Три состояния: просветление, расслабленность, настоящая болезнь. В моменты просветления это всегда мадам Лепик.
Посылает к нам Филиппа со словами:
— Не уезжайте. Я чувствую, что гибну.
Даже в ее манере задерживать ваши руки и сжимать чувствуется желание причинить боль.
На маленькой площади прямо над Сеной когда-то вешали. До сих пор еще сохранились ямы, куда вкапывали столбы виселиц. Повешенный виден был издалека.
Дома громоздятся друг на друга. Не сразу научаешься отличать голос одного колокольчика от другого.
Какая-то простая женщина очень веселилась. В большой пустой корзине она несет несколько травинок.
* Именно так называемые «красивые» описания выработали во мне вкус к описаниям в трех словах.
* Уверенность, что целомудренное человечество было бы неизмеримо выше.
* Обед у Эдмона Сэй. Вандерем, Мирбо и мадам Мирбо. Политике и литературе в этот вечер не повезло.

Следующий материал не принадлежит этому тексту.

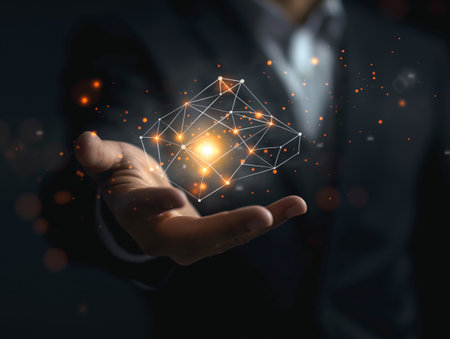 A businessman in a suit holds a glowing geometric shape, symbolizing innovation and technology.の素材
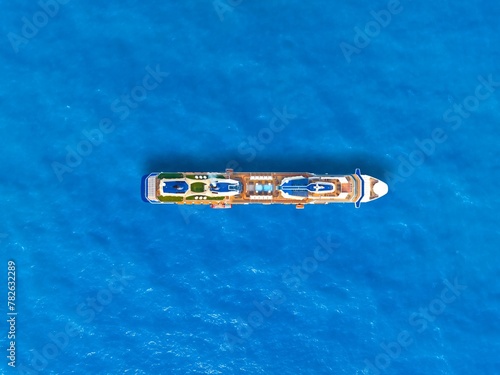 Aerial view of beautiful white cruise ship above luxury cruise. Cruise ship sailing across The Mediterranean sea - Aerial footage.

— Клемансо ни во что не вникает, — говорит Мирбо. — Он только и делает, что унижает префектов. Не управляет людьми, а подкупает их. Купил Пато. Или, например, разрешил лотерею на миллион в угоду нужному человеку, уже не помню кому. Бриан самый умный из них, но всем им нужна роскошь, — говорит Мирбо. — Возьмите Вивиани: он помешан на мелких тарелках. Воруют в морском министерстве, грабят в военном министерстве, везде прохвосты, жулье. Нам приходится иметь дело с ужасными людьми. Неужели нет среди них пяти-шести честных? Ни одного.
Устав от политических разговоров, переходят к литературе. Чудовищная среда! Меньше денег, меньше сомнительных дел, но больше низости и подлости.
Эрвье был милейшим молодым человеком, а стал отвратительным дельцом. Он завел ложу для полиции, откуда следят за другими ложами. Конечно, от таланта ничего не осталось…
Тяжело смотреть на ее ноги с вздувшимися венами. Все такая же красивая, волосы с легкой проседью вьются.
* Книга, которую хочется тут же пережить самому.
* Влезаю на стул и, заметив старую истрепанную книгу, непременно беру ее.
Последние слова, сказанные мне моей матерью:
— Ты скоро опять придешь? Спасибо, что не забываешь…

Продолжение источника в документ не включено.